There are three main types of irony: verbal irony, situational irony, and dramatic irony. 

Dramatic irony is when the audience understands something opposite what the characters do. 

Example: Romeo doesn’t know Juliet isn’t really dead, so he kills himself. 

Verbal irony is when a different word is used than what is meant. 

Example: Someone saying “oh, my day has been awesome” if their day has actually been terrible. 

Situational irony is when something happens which is different than what we expect. 

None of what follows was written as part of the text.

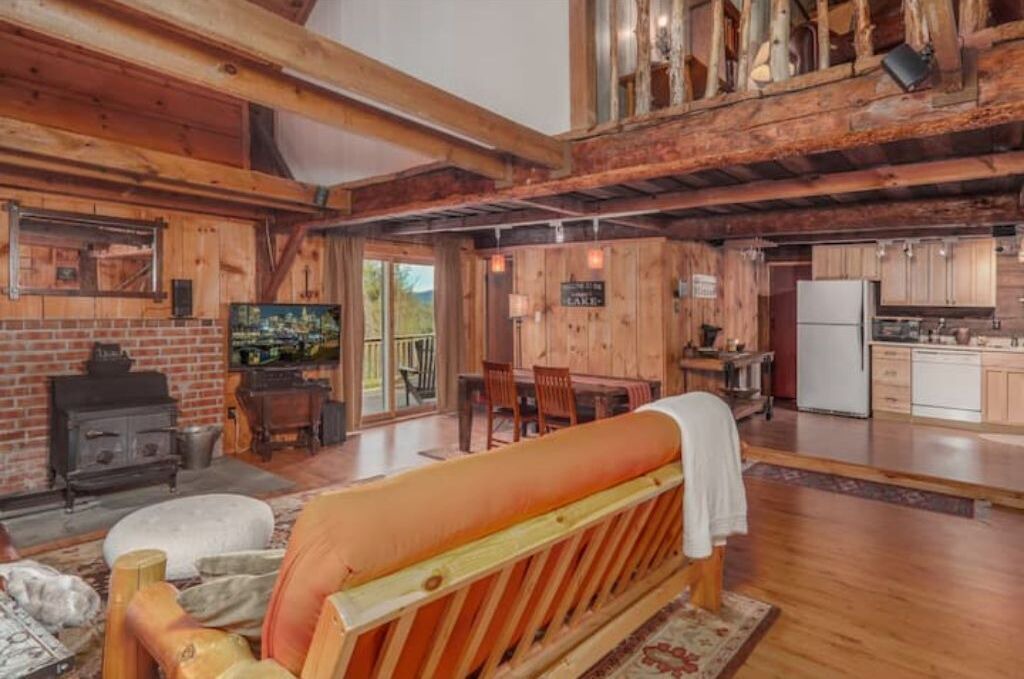 Photo of Livingroom in Chestertown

Example: In the Emperor’s New Groove, there’s a scene where Kuzco is lost and frightened in the woods. The lighting gets dark and the bushes rumble, Kuzco trembles in fear, and we expect a monster to leap forward, but instead it’s a little bunny rabbit. 


Allusions are when we compare things to famous nouns. Note that this isn’t metaphor or simile–what makes allusion unique is that we’re using well-known people and places. Allusions can also be (and frequently are) references to other famous books, movies, or T.V. shows. 

Example: “Well, I’m not Mozart or anything, but I think I play piano well enough.”

We know Mozart to be an excellent pianist. Because of that, we understand this person isn’t literally claiming not to be Mozart, but is instead claiming not to be very good at piano. 


In a synecdoche, we use a part of something to represent the whole thing. 

Example: Dallas won the Superbowl last weekend. 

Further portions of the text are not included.